While there are processors on the Northern Peninsula working with cod, Parrill said fishermen can’t move their product because processors are only buying cod from their own harvesters.
“We can’t ship it to other areas of the province because it can go soft. Maybe it’s time to introduce a cod-processing licence to the Northern Peninsula where fishermen can actually sell their cod,” Parrill said.
According to the Department of Fisheries and Oceans, there are 58 groundfish processors in Newfoundland and Labrador. Twenty-eight of those are processing groundfish this year. There are eight processors located on the Northern Peninsula that have groundfish licences: 3 T’s Ltd, Conche Seafoods Inc., Gould’s Fisheries Ltd., H. Hopkins Ltd., Harbour Seafoods Ltd., Northern Lights Seafood Inc., St. Anthony Seafoods Ltd.
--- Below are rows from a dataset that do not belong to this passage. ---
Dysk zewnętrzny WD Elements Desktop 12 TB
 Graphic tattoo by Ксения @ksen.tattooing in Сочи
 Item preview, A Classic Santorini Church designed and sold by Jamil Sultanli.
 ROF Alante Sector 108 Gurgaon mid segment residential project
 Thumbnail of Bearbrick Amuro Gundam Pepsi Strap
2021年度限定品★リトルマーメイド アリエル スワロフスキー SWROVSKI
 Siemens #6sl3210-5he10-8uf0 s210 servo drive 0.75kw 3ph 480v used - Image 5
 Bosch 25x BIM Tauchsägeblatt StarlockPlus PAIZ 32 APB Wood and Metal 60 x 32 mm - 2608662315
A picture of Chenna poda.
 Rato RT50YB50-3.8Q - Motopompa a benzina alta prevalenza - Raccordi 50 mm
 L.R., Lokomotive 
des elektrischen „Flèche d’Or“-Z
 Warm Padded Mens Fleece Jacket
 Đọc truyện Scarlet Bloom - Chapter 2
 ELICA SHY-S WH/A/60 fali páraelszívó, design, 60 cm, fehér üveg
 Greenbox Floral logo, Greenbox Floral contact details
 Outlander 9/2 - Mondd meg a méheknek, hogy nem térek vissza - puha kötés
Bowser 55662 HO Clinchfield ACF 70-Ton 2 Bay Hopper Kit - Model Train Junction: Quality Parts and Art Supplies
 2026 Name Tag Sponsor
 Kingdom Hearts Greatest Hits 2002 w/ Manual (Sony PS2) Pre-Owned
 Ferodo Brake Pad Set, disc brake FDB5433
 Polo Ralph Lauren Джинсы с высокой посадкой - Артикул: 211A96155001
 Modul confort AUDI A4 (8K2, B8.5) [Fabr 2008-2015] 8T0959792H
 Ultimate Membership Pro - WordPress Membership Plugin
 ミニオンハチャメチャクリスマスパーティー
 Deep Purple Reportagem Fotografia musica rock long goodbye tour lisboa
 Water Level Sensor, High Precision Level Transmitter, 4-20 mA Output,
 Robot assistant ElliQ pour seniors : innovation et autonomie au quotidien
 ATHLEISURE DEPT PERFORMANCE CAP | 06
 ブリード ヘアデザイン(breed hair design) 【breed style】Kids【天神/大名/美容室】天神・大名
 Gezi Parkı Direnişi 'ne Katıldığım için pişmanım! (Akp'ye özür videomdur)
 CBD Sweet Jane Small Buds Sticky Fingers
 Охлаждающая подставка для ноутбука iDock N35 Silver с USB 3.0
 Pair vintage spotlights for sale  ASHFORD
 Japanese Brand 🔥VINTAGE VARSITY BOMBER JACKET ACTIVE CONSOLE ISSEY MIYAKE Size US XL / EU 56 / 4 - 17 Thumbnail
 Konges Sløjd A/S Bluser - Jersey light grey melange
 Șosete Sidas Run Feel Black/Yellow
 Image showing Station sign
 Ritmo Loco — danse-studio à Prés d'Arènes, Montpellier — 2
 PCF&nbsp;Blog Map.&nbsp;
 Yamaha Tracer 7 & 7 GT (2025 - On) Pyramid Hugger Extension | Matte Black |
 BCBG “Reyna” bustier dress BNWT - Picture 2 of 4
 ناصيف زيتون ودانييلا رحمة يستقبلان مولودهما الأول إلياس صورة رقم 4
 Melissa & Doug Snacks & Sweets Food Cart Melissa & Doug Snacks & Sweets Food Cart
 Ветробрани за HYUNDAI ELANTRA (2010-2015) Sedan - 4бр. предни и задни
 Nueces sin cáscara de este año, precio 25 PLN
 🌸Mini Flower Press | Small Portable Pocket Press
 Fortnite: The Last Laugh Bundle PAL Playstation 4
Partnership and TMD Seafoods.
According to a statement issued on behalf of Fisheries Minister Derrick Dalley, “At the present time prices are in decline for all types of cod due to an unprecedented increase in global supply.
“In addition, several substitutes to the cod caught by provincial harvesters, including tilapia, haddock, pollock, and pacific cod, have put a downward pressure on pricing.”
Because of this, the statement says, it has made cod prices low throughout the U.S. and Europe and makes it challenging for processors to move product.
“In light of this, distributing more groundfish processing licences is not expected to create more opportunity for provincial cod harvesters to sell their product.”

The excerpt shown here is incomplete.